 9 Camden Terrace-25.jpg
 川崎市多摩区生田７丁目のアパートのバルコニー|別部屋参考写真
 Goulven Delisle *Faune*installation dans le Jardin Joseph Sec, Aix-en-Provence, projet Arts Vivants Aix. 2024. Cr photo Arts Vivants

WHAT TO DO:
From the first line to the last, write out the listing exactly.

ANSWER TO THIS PROBLEM:
 9 Camden Terrace-25.jpg
 川崎市多摩区生田７丁目のアパートのバルコニー|別部屋参考写真
 Goulven Delisle *Faune*installation dans le Jardin Joseph Sec, Aix-en-Provence, projet Arts Vivants Aix. 2024. Cr photo Arts Vivants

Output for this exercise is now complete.